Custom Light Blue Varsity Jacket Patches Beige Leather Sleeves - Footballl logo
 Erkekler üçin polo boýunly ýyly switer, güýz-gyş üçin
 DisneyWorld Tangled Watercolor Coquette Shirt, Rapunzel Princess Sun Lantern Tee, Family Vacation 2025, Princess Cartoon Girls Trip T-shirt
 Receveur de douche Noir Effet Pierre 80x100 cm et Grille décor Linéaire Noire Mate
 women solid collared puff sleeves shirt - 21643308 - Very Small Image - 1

Goal of the exercise: Copy out the data exactly, keeping each line whole.

Result for this exercise:
Custom Light Blue Varsity Jacket Patches Beige Leather Sleeves - Footballl logo
 Erkekler üçin polo boýunly ýyly switer, güýz-gyş üçin
 DisneyWorld Tangled Watercolor Coquette Shirt, Rapunzel Princess Sun Lantern Tee, Family Vacation 2025, Princess Cartoon Girls Trip T-shirt
 Receveur de douche Noir Effet Pierre 80x100 cm et Grille décor Linéaire Noire Mate
 women solid collared puff sleeves shirt - 21643308 - Very Small Image - 1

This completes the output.